Striking the proper balance between the under- and overregulation of financial markets will be difficult. There is no magic formula for this, and we surely do not wish to stifle all innovation in this area. But finding that balance is crucial because, as we saw in 2008 and thereafter, a major failure in this sector of the economy can inflict massive and long-lasting damage on the economy as a whole.
Income Inequality
A critical reason that America has failed to update its formula by reinvesting in education, infrastructure, and research and development, and hasn’t adjusted our immigration policy to promote economic growth or implemented appropriate economic regulations, is that all these require collective action—America as a whole has to act—and lately we have lost our capacity for collective action. One reason for this damaging form of paralysis is the growth of inequality in America, itself the product, among other things, of the further flattening of the world. That flattening has created a global market for the goods and services of people skilled enough to take advantage of it. The earnings in this huge global market can be staggering for the “winners.” Consider what a basketball player such as LeBron James can earn in this era when the National Basketball Association sells its branded products from Stockholm to Shanghai—we are talking tens of millions of dollars—compared to the biggest star of the early 1950s, George Mikan of the then Minneapolis Lakers, whose earnings were limited to the United States and were measured in the tens of thousands of dollars.

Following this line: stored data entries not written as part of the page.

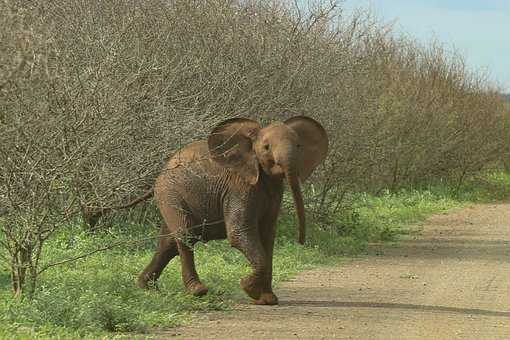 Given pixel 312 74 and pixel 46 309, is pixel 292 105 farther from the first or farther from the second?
pixel 46 309

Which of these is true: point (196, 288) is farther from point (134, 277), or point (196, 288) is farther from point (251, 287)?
point (134, 277)

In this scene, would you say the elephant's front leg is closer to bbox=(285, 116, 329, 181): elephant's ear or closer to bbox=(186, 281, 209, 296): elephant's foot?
bbox=(186, 281, 209, 296): elephant's foot

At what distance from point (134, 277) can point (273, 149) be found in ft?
7.59

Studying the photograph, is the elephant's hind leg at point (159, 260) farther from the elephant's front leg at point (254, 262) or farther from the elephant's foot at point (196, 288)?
the elephant's front leg at point (254, 262)

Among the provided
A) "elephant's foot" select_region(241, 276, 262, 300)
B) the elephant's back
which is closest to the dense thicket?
the elephant's back

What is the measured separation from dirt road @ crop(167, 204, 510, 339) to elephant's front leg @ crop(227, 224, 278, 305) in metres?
0.14

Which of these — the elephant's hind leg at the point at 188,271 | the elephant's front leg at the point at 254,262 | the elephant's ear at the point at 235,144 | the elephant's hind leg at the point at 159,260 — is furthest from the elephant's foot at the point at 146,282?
the elephant's ear at the point at 235,144

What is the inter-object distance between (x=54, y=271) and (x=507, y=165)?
25915 millimetres

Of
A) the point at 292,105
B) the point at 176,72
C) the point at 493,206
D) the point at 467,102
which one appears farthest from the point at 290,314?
the point at 467,102

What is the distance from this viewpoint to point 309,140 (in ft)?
37.6

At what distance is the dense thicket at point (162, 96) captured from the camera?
953 centimetres

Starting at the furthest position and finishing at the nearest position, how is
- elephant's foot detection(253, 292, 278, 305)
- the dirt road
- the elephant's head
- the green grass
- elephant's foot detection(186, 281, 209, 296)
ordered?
elephant's foot detection(186, 281, 209, 296)
elephant's foot detection(253, 292, 278, 305)
the elephant's head
the dirt road
the green grass

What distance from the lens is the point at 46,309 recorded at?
9109 millimetres

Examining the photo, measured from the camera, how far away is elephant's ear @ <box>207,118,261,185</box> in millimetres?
11000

It is harder to generate collective action when people are living in different worlds within the same country, argues the Nobel Prize–winning economist and Columbia University professor Joseph E. Stiglitz. Historically, Americans have tended to be less troubled by inequality than citizens of other countries. Both the myth and the reality of individual opportunity and upward mobility in America have been so powerful and so deeply ingrained that the socialist narrative of government-sponsored redistribution has never taken root. But the income gaps during the Terrible Twos grew so large, and could well grow larger still, that inequality now threatens to fracture the body politic in ways that could undermine our ability to do big hard things together.

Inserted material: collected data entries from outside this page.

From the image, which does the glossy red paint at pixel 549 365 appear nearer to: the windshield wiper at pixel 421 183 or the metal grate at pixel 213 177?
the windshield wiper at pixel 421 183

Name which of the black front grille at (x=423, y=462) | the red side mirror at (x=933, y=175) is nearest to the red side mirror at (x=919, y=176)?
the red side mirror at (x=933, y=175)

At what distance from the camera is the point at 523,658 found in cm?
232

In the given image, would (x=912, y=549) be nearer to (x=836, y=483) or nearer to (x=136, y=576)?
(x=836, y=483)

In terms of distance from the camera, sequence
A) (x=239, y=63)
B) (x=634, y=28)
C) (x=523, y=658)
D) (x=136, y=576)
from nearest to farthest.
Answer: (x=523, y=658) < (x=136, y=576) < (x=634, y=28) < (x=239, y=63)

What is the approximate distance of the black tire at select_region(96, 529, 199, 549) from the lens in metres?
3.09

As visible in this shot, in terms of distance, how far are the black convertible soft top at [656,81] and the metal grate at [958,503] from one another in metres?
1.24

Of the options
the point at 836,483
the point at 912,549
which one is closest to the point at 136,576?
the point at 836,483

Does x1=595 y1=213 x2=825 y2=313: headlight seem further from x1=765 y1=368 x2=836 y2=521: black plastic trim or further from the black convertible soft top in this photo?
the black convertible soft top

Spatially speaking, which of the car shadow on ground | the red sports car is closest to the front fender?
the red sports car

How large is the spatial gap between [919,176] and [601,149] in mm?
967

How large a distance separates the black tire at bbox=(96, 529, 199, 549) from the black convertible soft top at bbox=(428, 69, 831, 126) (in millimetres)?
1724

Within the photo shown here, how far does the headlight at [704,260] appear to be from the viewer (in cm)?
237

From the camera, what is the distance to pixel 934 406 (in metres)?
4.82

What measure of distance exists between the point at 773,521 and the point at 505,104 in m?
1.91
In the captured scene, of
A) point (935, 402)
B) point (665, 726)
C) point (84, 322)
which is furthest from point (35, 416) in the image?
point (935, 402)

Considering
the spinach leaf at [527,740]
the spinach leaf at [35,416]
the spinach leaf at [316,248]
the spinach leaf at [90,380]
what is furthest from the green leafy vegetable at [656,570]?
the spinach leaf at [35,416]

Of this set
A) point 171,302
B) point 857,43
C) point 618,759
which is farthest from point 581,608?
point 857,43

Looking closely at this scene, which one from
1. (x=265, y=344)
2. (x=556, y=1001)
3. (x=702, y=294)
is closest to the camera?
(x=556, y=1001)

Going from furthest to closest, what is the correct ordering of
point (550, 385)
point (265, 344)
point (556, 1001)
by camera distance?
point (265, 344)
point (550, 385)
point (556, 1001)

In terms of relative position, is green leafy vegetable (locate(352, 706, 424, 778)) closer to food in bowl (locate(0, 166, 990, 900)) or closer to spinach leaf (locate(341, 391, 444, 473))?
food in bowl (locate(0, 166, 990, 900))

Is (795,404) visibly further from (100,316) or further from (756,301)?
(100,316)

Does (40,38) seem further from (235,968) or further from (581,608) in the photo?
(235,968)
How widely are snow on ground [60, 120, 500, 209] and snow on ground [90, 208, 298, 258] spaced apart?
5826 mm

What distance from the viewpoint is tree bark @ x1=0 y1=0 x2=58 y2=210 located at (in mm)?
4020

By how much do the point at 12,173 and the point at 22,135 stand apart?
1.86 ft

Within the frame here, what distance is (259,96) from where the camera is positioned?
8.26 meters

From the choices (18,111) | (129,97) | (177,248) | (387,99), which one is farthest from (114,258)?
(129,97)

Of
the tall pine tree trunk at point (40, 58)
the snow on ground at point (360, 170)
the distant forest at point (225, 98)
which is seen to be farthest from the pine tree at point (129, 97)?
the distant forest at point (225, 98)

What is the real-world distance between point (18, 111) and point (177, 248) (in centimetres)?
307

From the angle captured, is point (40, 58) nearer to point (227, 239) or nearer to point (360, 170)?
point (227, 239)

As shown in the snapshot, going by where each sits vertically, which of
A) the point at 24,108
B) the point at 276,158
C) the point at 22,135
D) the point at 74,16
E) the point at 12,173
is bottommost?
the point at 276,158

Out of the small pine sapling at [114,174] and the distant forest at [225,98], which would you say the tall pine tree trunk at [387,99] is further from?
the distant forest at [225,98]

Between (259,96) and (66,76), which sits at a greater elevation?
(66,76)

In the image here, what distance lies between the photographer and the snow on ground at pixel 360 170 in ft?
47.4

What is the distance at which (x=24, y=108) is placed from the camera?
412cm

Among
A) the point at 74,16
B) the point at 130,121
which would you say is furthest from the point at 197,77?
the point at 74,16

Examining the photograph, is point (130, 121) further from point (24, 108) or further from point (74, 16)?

According to Stiglitz, the top 1 percent of Americans now takes in roughly one-fourth of America’s total income every year. In terms of wealth rather than income, says Stiglitz, the top 1 percent now controls 40 percent of the total. This is new. Twenty-five years ago, the corresponding figures were 12 percent and 33 percent, he noted. Meanwhile, people in the top 1 percent have seen their incomes rise 18 percent over the past decade, while the incomes of those in the middle have actually fallen. For men with only high school degrees, the decline has been especially pronounced: 12 percent in the last twenty-five years alone, said Stiglitz.